In London, grocers were on the decline, with Tesco down 1.6% and Sainsbury's falling 0.9%, after reports the Treasury asked supermarkets to limit food prices in return for the lifting of some regulations.
The proposals would see shops voluntarily cap the prices of essential groceries such as eggs, bread and milk, according to the Financial Times. The Treasury has said it would in return offer supermarkets "incentives" which may include easing packaging policies and delay potentially costly changes to healthy food rules, the newspaper said.
However, a minister has said the government is not urging supermarkets to voluntarily cap the prices of essential groceries.
Treasury minister Dan Tomlinson said "this isn't something we're looking at" when asked if there had been conversations with supermarkets about bringing in price caps.
Marks & Spencer added 2.0%. It recorded a rise in annual revenue, but profit declined on rising costs and a GBP131 million hit from a cyber attack.
The clothing, homewares and food retailer said pretax profit in the year to March 28 declined 29% to GBP364.6 million from GBP511.8 million.
"Profitability was impacted by the incident in the first half but showed good progress in the second half," M&S explained.
In addition, it said operating costs increased amid rising employee pay, national insurance contributions and new store openings.
But revenue was on the up, surging 25% to GBP17.27 billion from GBP13.82 billion.
Looking ahead, Chief Executive Stuart Machin warns of a "triple whammy" to the retail sector, amid rising tax, a "greater regulatory burden" and global conflict.
Experian was the worst large-cap performer, down 4.4%. The provider of consumer credit score checking, fraud detection and credit application processing said pretax profit in the year to March 31 increased 26% to USD1.95 billion from USD1.55 billion, with revenue up 12% to USD8.45 billion from USD7.52 billion.
Revenue was in line with consensus. Benchmark earnings per share rose 15% to 179.8 cents, beating consensus of 179.2 cents. Experian lifted its total dividend to 69.25 cents per share from 62.50, but below consensus of 70.0 cents.
Looking ahead, it expects total revenue growth between 8% and 11%, which would imply a range of GBP9.12 billion to GBP9.37 billion. Consensus for financial 2027 stands at GBP9.16 billion.
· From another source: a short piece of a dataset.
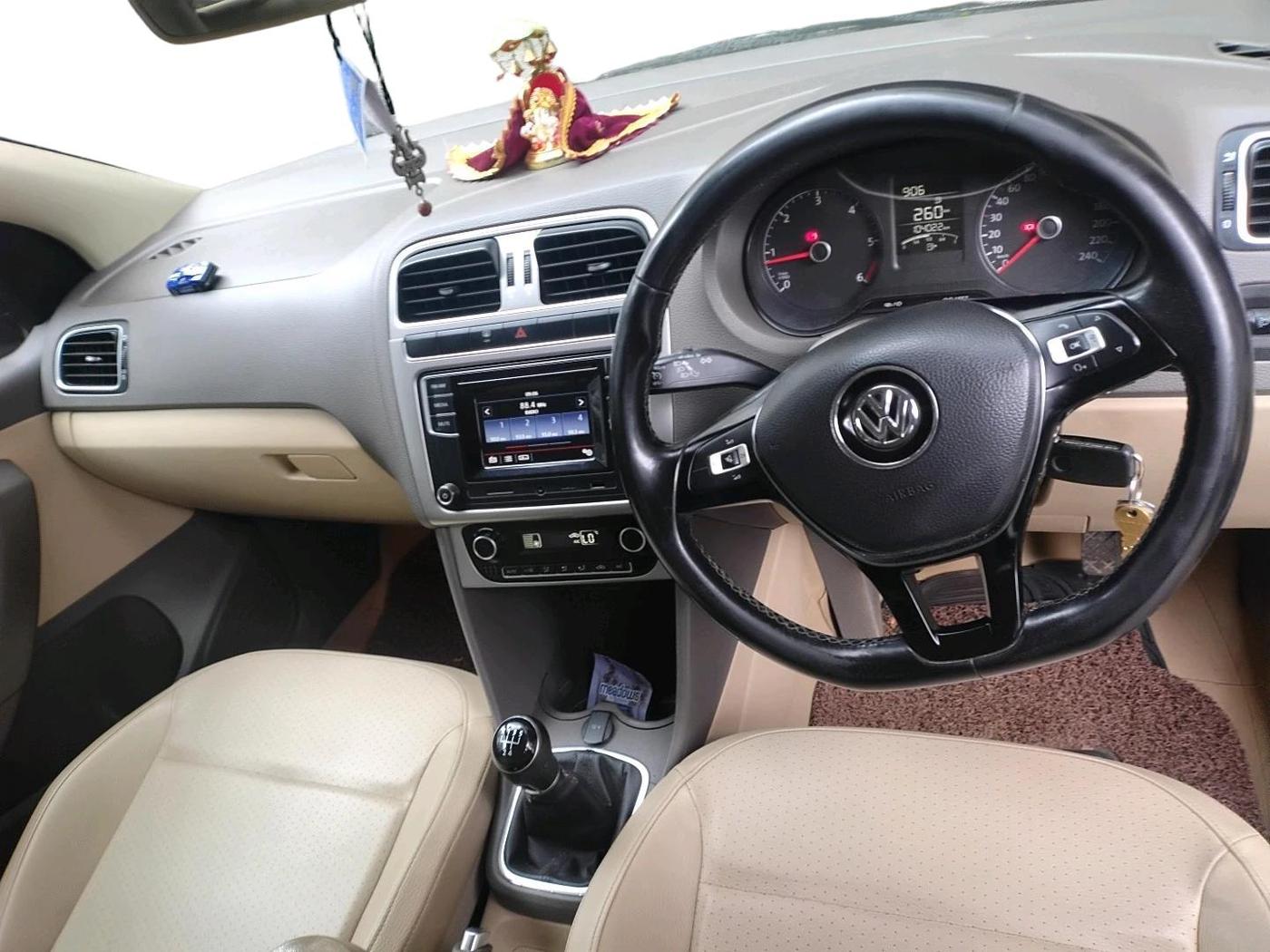 2016 Volkswagen Vento HIGHLINE DIESEL 1.5, Diesel, Manual, 1,04,022 km, interior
RS Group added 9.7%, as it announced a GBP100 million buyback and reported annual profit increased, despite "challenging markets".
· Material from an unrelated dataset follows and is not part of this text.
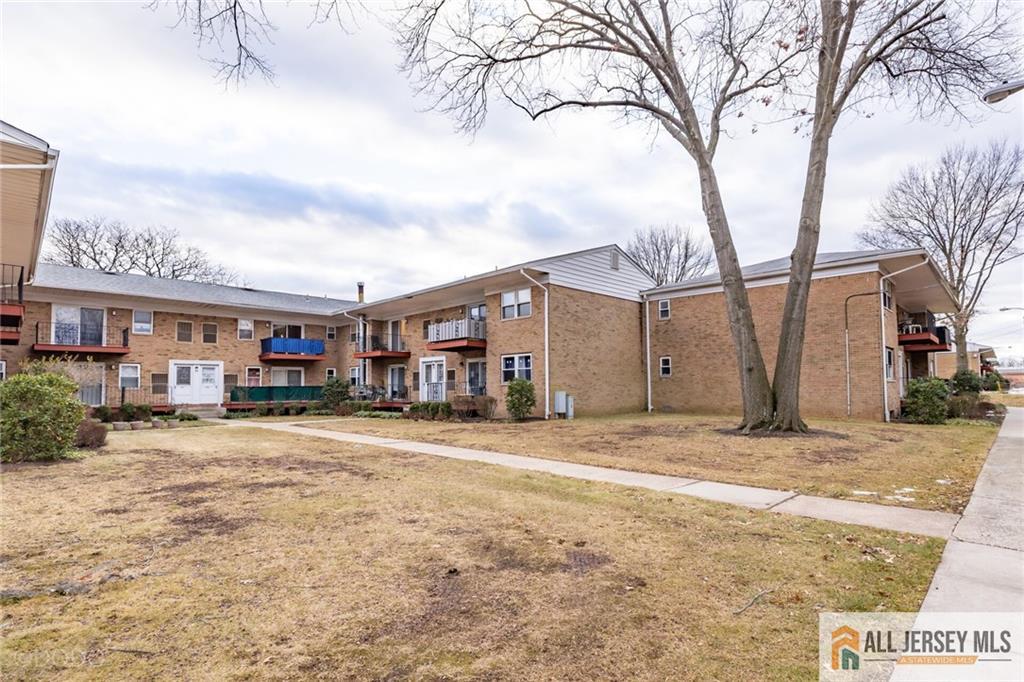 187 Evergreen Road 4B, Edison, NJ, 08820 image 32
The industrial and electronics products distributor said pretax profit in the year to March 31 was up 6.8% to GBP220 million from GBP206 million, with revenue edging down 0.8% to GBP2.88 billion from GBP2.90 billion.
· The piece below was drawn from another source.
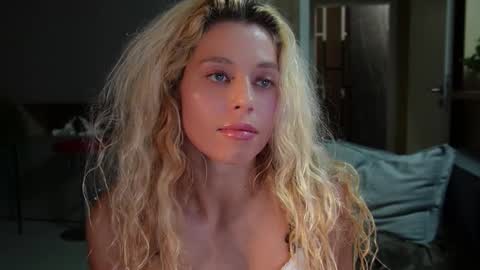 allissonhotbb online show from January 19, 2025, 7:26 pm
Impax Asset Management fell 3.6% as it reported weaker assets under management on stubborn outflows in its listed equities segment. Assets under management at the March 31 half-year end stood at GBP22.31 billion, declining from GBP26.06 billion at the end of September. It reported a net outflow of GBP3.64 billion, including GBP3.53 billion from the listed equities offering alone.
Impax added: "Since January 2026, after an unusually difficult three-year period for many investment managers like Impax that focus on actively managed thematic strategies, markets have been considerably more favourable. 70% of our AUM has outperformed generic indices since the beginning of the calendar year, notwithstanding the market turbulence in March following the start of the conflict in Iran.
"However, as many asset owners base their investment decisions on historical numbers over at least one year, we continued to see relatively high net outflows during the period, at GBP3.6 billion, which were driven principally by redemptions from institutional investors. Our wholesale channel continues to see a gradually improving trajectory, albeit also currently in net outflows. Against this backdrop we are working hard to slow net outflows, are refining our existing strategy and have taken steps to further improve our operating efficiency and reduce complexity within the business."
Half-year pretax profit fell 56% on-year to GBP8.2 million from GBP18.6 million. Revenue weakened 23% to GBP58.8 million from GBP76.5 million.